Contrary to the views that the Canadian residential real estate market would remain buoyant for long, recently the Canadian central bank governor Mark Carney has warned that notwithstanding the current optimism over the housing market in the country, the consumers ought to be cautious of taking financial liabilities in excess of what they would be able to pay off since the good time would not continue for much long.
Carney told the House of Commons finance committee on Tuesday last that Canada's residential real estate market was not bridled in the manner in which the housing market was tanked in neighbouring United States during the just-ended global economic slump. On the contrary, the housing market in Canada recovered a little too quickly as soon as the economic sluggishness was over. The Bank of Canada governor predicted that the housing market in Canada will begin to turn cold during the next fiscal quarter and the situation will continue or stay at tepid planes for more than a few years from now.
According to the Canadian central bank governor, the forecast made by the bank for the period up to 2012 shows that there will be a noticeable decline in the housing market in the country from the second quarter of the current fiscal year and the trend will continue for quite some time ahead. At the same time, Carney said that the bank was concerned over the fact that a section of Canadians had taken on debts exceeding their limit and such consumers face a risk ahead. It may, however, be noted here that this was not the first time that Carney was making such remarks. In fact, it has been quite some time that the Bank of Canada governor has been cautioning regarding the unprecedented level of loans that are presently held by several Canadians for about a year now.

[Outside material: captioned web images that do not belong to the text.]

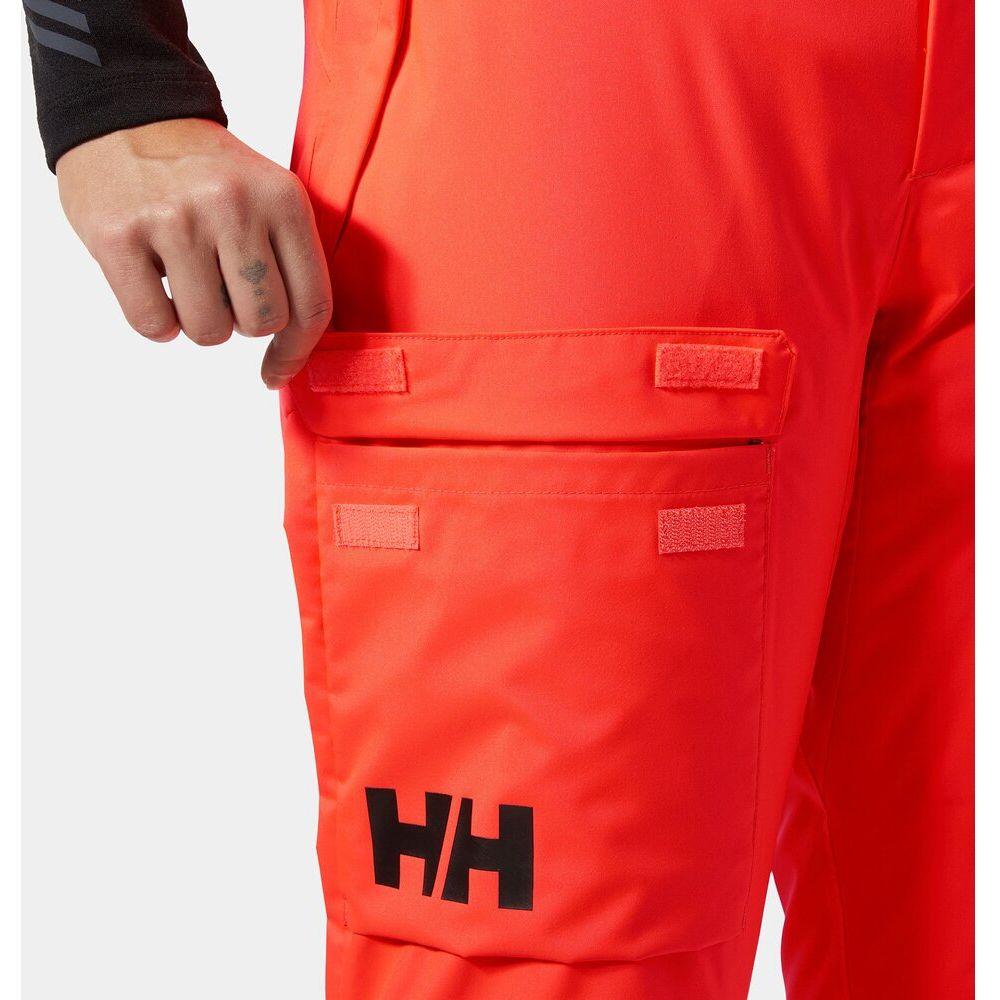 Helly Hansen Damen Switch Cargo Skihose neon coral Produktbild 6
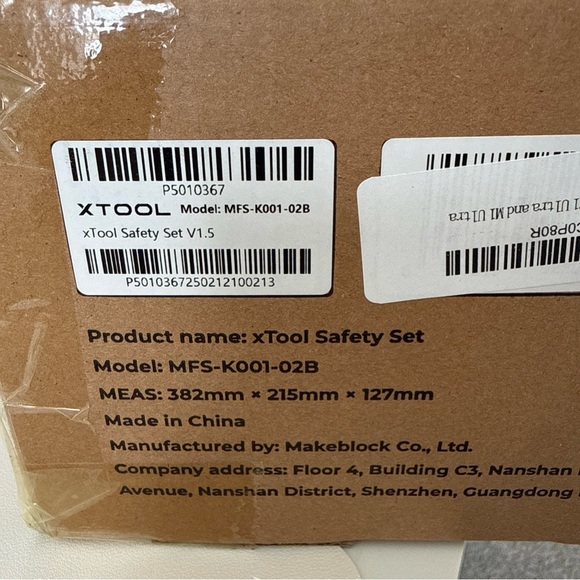 XTOOL Safety Set - Picture 2 of 2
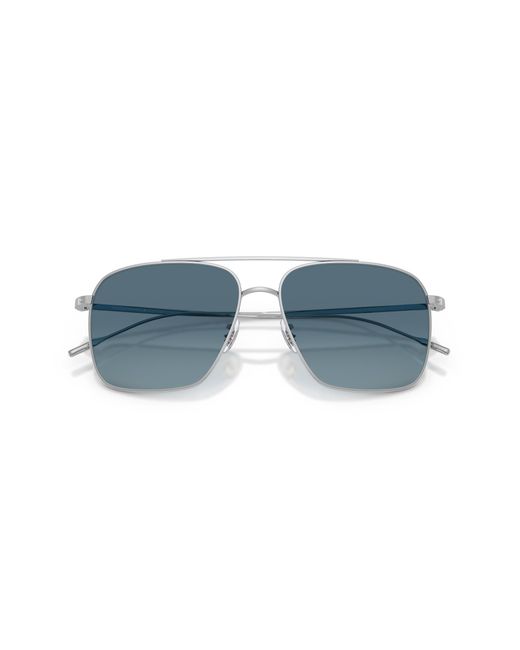 Oliver Peoples Black Sunglass Ov1320st Dresner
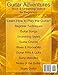 Guitar Adventures: Fun, Informative, and Step-By-Step Lesson Guide, Beginner & Intermediate Levels (Book & Streaming Videos) (Steeplechase Guitar Instruction)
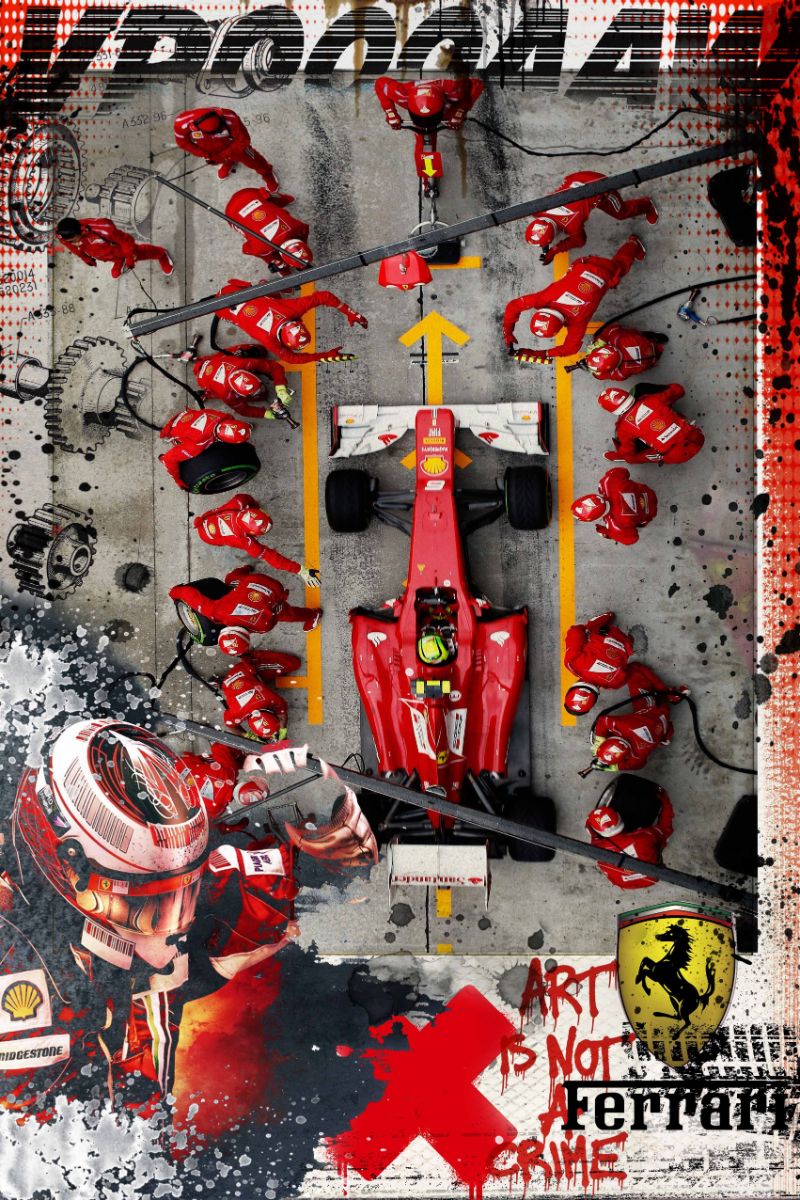 Ferrari Stand Dollart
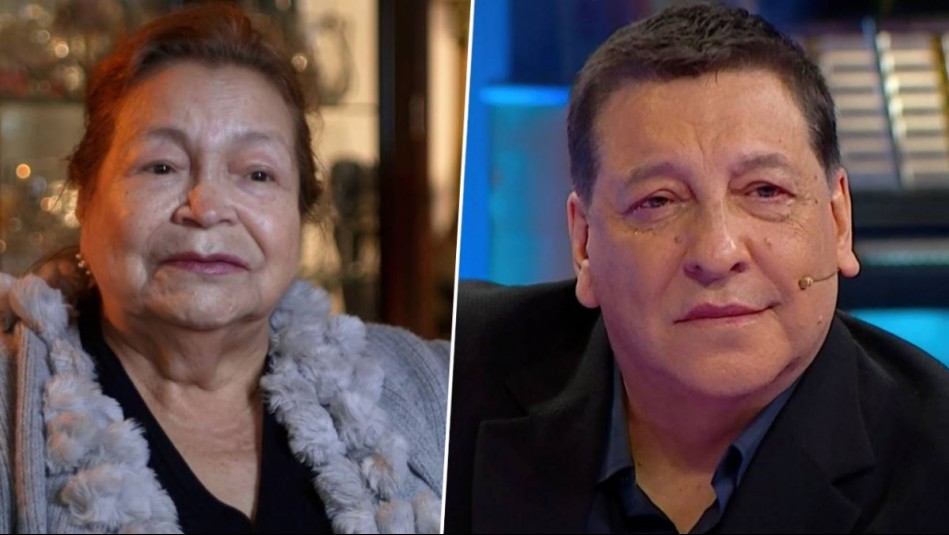 'Fue muy regalón mío': Madre de Julio César Rodríguez conmovió al animador con especial video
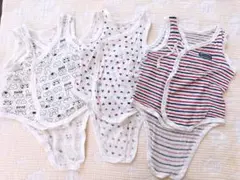 ベビー肌着 3点セット 男の子 50～60サイズ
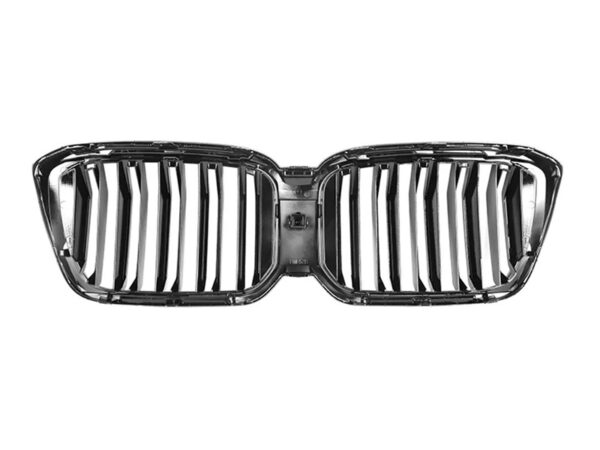 Bmw x3 x4 g01 g02 lci m style gloss black double kidney grilles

Latest available statistics show that on an average each Canadian family is indebted by $1.47 for each dollar of their disposable income (gross earnings of an individual from which direct taxes have been deducted). This figure is considered to be a record high even as the interest rates remain at a historically low level.
According to Carney, to a great extent, the recent surge in housing expenditure, including home renovations, is owing to the extremely low interest rates as well as the provisional home renovation tax credit introduced by the federal government. These two factors have not only been boosting the spending on housing, but also helped the home market to remain buoyant in Canada even during the recession, he added. At the same time, the Bank of Canada governor has asserted that it is not possible to maintain the current level of outlay on housing since the mortgage rates have already started going up.
Incidentally, while three major Canadian banks had announced raising their mortgage rates in April, now another three Canadian Banks have joined these financial institutions in hiking their mortgage rates. Separate announcements in this regard were made by these three banks - Scotiabank, Canadian Imperial Bank of Commerce and the Desjardins Group, on Tuesday last. Among these financial institutions, the Desjardins Groups runs two credit unions in Quebec and Ontario.
According the announcements made by these financial institutions on Tuesday last, they have hiked the mortgage rates throughout an assortment of maturities by 15 basis points or 0.15 percentage points. For instance, the Desjardins Group and the Canadian Imperial bank of Commerce (CIBC) will henceforth charge 6.25 per cent on a five-year closed mortgage and 7.20 per cent on a 10-year mortgage. Precisely speaking, these three financial institutions are now toeing the line adopted by the Royal Bank of Canada and the TD Bank, which had announced their decision to raise the mortgage rates about a week ago.
On the other hand, the credit unions will continue to offer interest rates as low as 4.25 per cent on a five-year mortgage.
Meanwhile, the banks in Canada are acting in response to the mounting expenses of borrowing money for five years to 10 years durations.
The rates of interest related to the financial instruments for durations ranging from five years to 10 years have increased significantly during the last few months. The reason behind the rise in the interest rates said to the growth of the Canadian economy that has left Canada's central bank worried over the upcoming inflation. In fact, keeping this aspect in view, the Bank of Canada has asserted that it is prepared to raise its target rates with a view to lessen these stresses. Therefore, the Canadian mortgage rates have gone up progressively during the last few months.
The economics section of the Canadian Imperial Bank of Commerce has predicted that by 2011, the interest rate on a 10-year Canadian bond will escalate to four per cent. The Bank of Canada said that considering that the forecast of the bank will be a reality, it will denote a gain of 66 per cent in comparison to the 2.41 per cent interest rate on a similar bond just a year back - in 2009!